Na nova relação de créditos apresentada e apurada pelo administrador judicial, os créditos reconhecidos são maiores: 762 milhões de euros. E a Caixa Geral de Depósitos justifica este avanço de 10% do montante de dívida: são agora 584 milhões de euros devidos no âmbito do contrato de facilidades de crédito. Além disso, o Caixa – Banco de Investimento pede quase 1 milhão de euros, e a sociedade de capital de risco do grupo 7,8 milhões adicionais. A AICEP tem agora dívidas de 41 milhões (o valor do contrato, com juros adicionais), contribuindo também para o agravamento da situação.
No caso do banco público, todo este montante está reconhecido como perdido – foram constituídas imparidades ao longo dos anos, cobrindo as perdas que se antevia que aí vinham. Ou seja, ao longo dos últimos anos, a Artlant já foi penalizando os resultados da instituição financeira, tal como a La Seda, de que a CGD era accionista e cuja participação está, há anos, reconhecida como perdida. O dossiê começou na administração de Carlos Santos Ferreira, mas a inauguração acontece já com Fernando Faria de Oliveira à frente do banco. O PER ocorre com José de Matos à frente da CGD, tendo passado depois por António Domingues e Paulo Macedo.
A venda na insolvência
A alienação da Artlant é uma hipótese há vários anos. Mas não era fácil: a estimativa da administração, com membros da Caixa Capital e da Portugal Ventures, era a de que seria exigido um investimento de 150 milhões de euros para que voltasse a operar normalmente. No âmbito da insolvência, a comissão de credores da Artlant aceitou vender a unidade fabril: 25 milhões de euros era o montante mínimo. Houve conversas, mas só uma proposta final: da Indorama Ventures.

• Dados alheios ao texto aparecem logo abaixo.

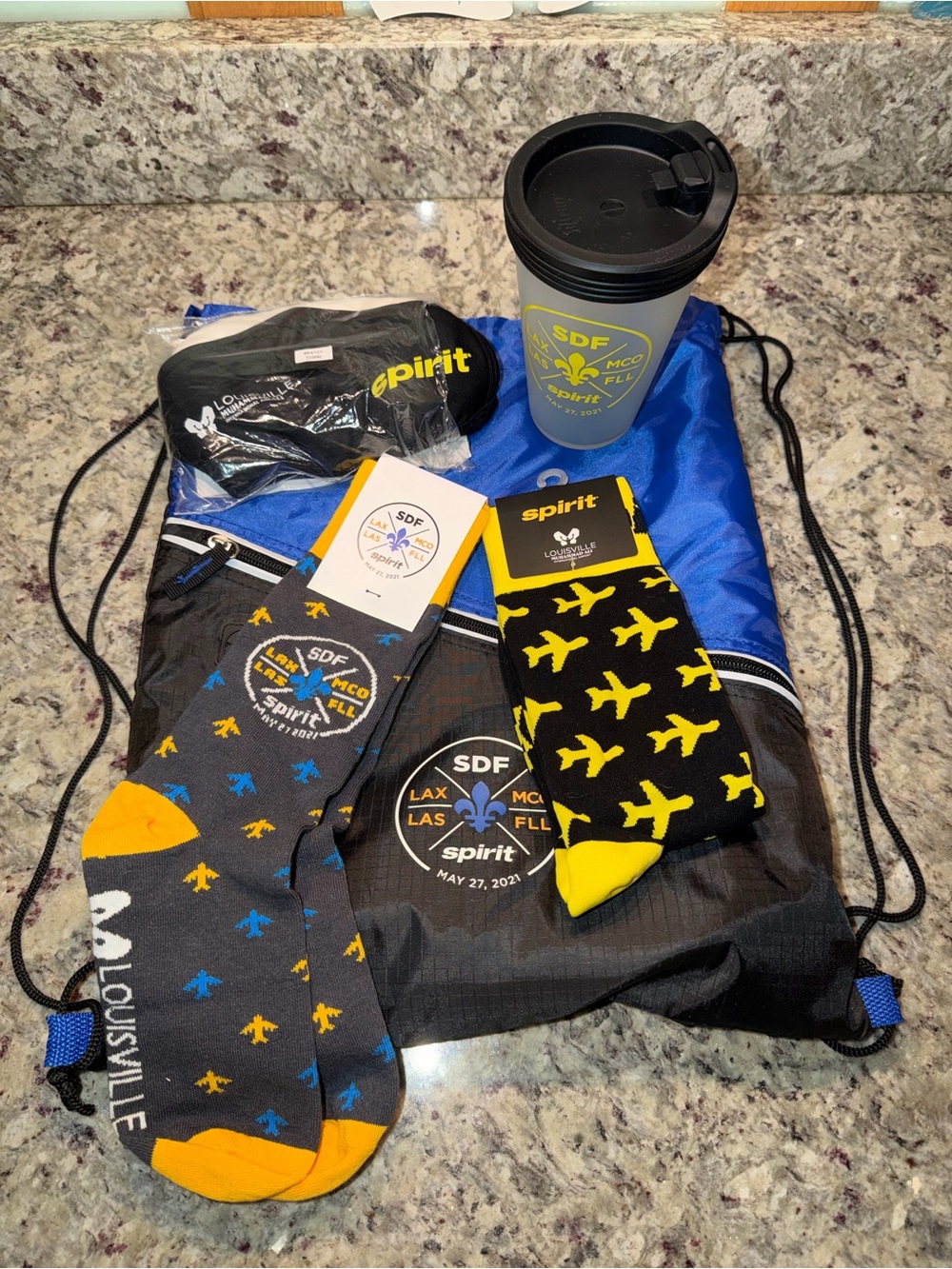 Spirit Airlines Flight Care Package Bag Full Of Extras Company Issued Branded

Na prática, não é a Artlant que é vendida: são os seus activos – o equipamento, o direito de superfície, os perto de 100 contratos de trabalho. O pagamento de 28 milhões, preço que o grupo tailandês se propõe a entregar (tem até ao final do ano para fazê-lo), vai para a massa insolvente que mantém todos os credores mas ficou esvaziada de activos. A CGD tem o crédito garantido e, à partida, a senioridade dos créditos, logo é a instituição financeira de capitais públicos que recebe aqueles 28 milhões de euros.
Há, no entanto, outros credores com que o grupo tailandês vai continuar a operar, desde logo a Artelia Ambiente, que vai fornecer a energia e o vapor e as outras "utilities" necessárias para a actividade.
O grupo tailandês, como noticiado pelo Negócios, propõe-se agora a investir mais de 120 milhões de euros em Sines, para viabilizar uma fábrica onde produzirá PTA, que irá permitir depois fornecer as suas unidades de PET.